Kalau panggilan kedua tidak patut, maka syarat itu tidak terpenuhi.
Akibatnya:

  • Kalau tetap diputus, putusan berpotensi batal atau sekurang-kurangnya cacat prosedur, dan dalam praktik sering jadi alasan kasasi/PK (pelanggaran hak untuk didengar / audi et alteram partem).

b. Pemeriksaan perkara tetap berjalan karena sudah pernah dipanggil patut sebelumnya?

Kalau panggilan pertama sudah patut, lalu tergugat:

  • Hadir di sidang pertama, atau

  • Setidaknya secara hukum sudah dianggap tahu tentang perkara dan jadwal sidang (misalnya pernah hadir, pernah mengajukan jawaban, atau sudah menandatangani relaas),

maka untuk sidang-sidang berikutnya ada dua pandangan:

  1. Pandangan formal ketat

    • Setiap kali akan ada hari sidang baru, harus ada pemanggilan patut kepada pihak yang tidak hadir.

    • Jika panggilan sidang berikutnya tidak patut, maka segala tindakan hakim di sidang itu (termasuk putusan) berpotensi cacat.

  2. Pandangan praktis (praktek di beberapa pengadilan)

    • Jika pihak sudah pernah hadir dan sudah tahu jadwal sidang berikutnya (ditetapkan di persidangan dan dicatat dalam BAP), maka ketidakhadiran pada sidang berikutnya kadang dianggap risiko pihak itu sendiri, meski panggilan lanjutan tidak dilakukan secara sempurna.

    • Namun ini rawan dipersoalkan di upaya hukum, apalagi jika benar-benar tidak ada panggilan yang patut.

Sebagai hakim, jalan paling aman secara hukum acara:

  • Kalau tertulis atau terbukti panggilan kedua tidak patut, jangan langsung memutus.

  • Perintahkan pemanggilan ulang secara patut, kemudian:

    • Lanjutkan persidangan, atau

    • Jika syarat verstek terpenuhi (panggilan patut, tetap tidak hadir, tidak ada alasan sah), baru boleh verstek.
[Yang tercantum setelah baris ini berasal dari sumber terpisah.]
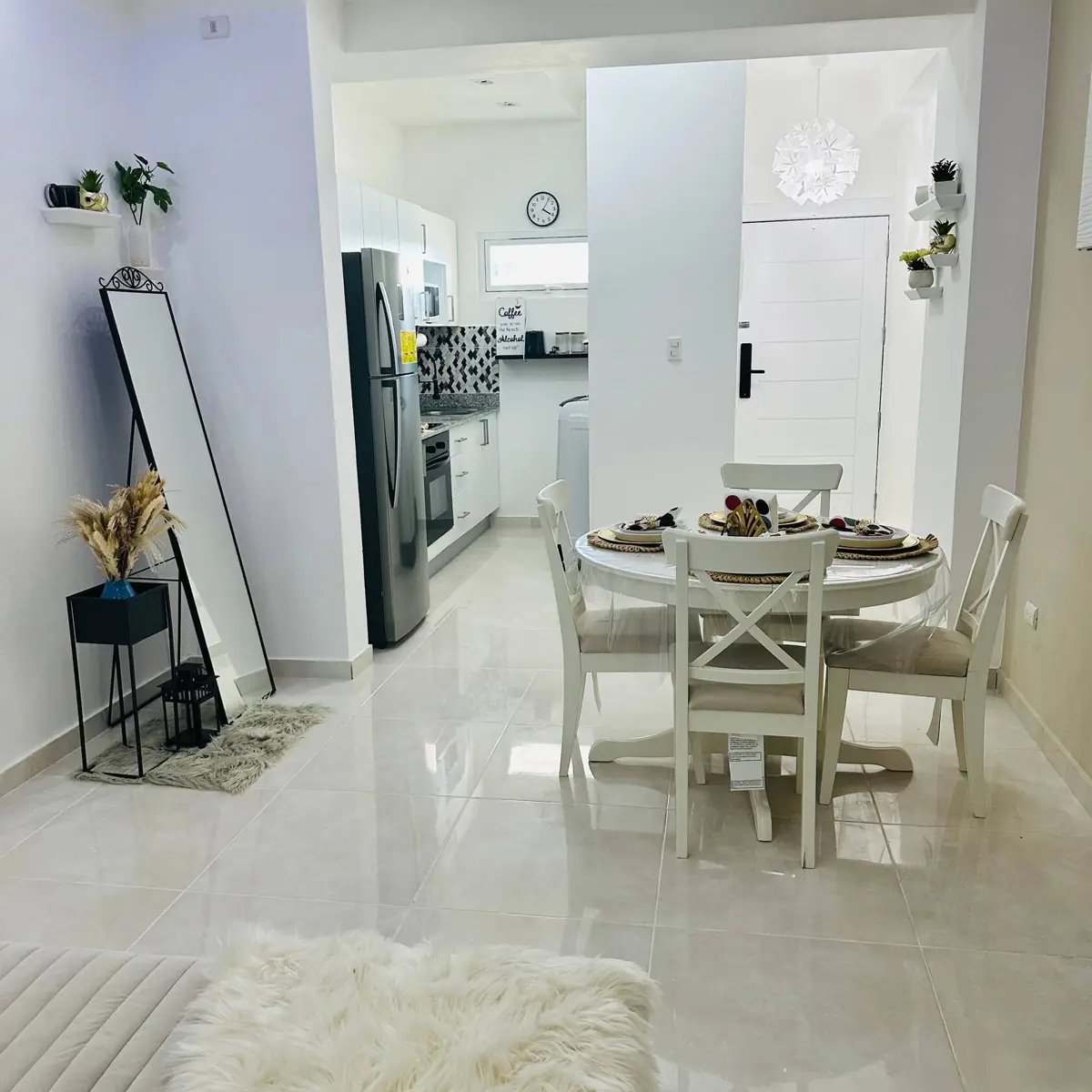 Comedor y cocina de un apartamento amueblado en Tepuy Juan Dolio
3. Apakah sidang pada panggilan kedua yang tidak patut tidak dapat dilanjutkan?

Secara prinsip:

  • Sidang tetap boleh dibuka secara formal, tapi:

    • Hakim sebaiknya mencatat dalam BAP bahwa pemanggilan tidak patut (misalnya diketahui dari laporan juru sita, alamat keliru, atau tenggang waktu kurang).

    • Lalu menunda persidangan dan memerintahkan panggilan ulang yang patut.

  • Yang bermasalah bukan “sidangnya”, tapi “tindakan hukum yang diambil dalam sidang itu”.
    Artinya:

    • Pemeriksaan pokok perkara dan penjatuhan putusan sebaiknya tidak dilakukan jika masih ada masalah kepatutan panggilan.

    • Sidang bisa berisi penetapan teknis saja: menunda dan memerintahkan panggilan ulang.

Jadi, bukan berarti sidang harus “bubar total”, tapi:

  • Sidang tidak layak dilanjutkan ke tahap pemeriksaan substansi atau putusan,

  • Kecuali dahulu sudah jelas-jelas ada panggilan patut dan pihak telah hadir / tahu jadwal, dan tidak ada hak yang dilanggar.


4. Ringkasan praktis (untuk Bapak sebagai hakim)

Kalimat praktisnya kira-kira begini:

  1. Jika panggilan pertama patut, panggilan kedua tidak patut:

    • Jangan memutus berdasar “tidak hadir di sidang kedua” tersebut.

    • Sidang kedua cukup digunakan untuk:

      • Menyatakan pemanggilan tidak patut,

      • Menunda sidang,

      • Memerintahkan panggilan ulang yang patut.

  2. Untuk menjaga keabsahan putusan dan hak para pihak:

    • Pastikan minimal satu panggilan terakhir sebelum putusan adalah panggilan yang patut.

    • Terutama bila akan dijatuhkan verstek.

  3. Jika sudah terlanjur diputus dengan panggilan kedua yang tidak patut:

    • Putusan membuka ruang kuat untuk:

      • Verzet (kalau verstek),

      • atau banding/kasasi dengan alasan cacat formil pemanggilan (pelanggaran hak pembelaan diri).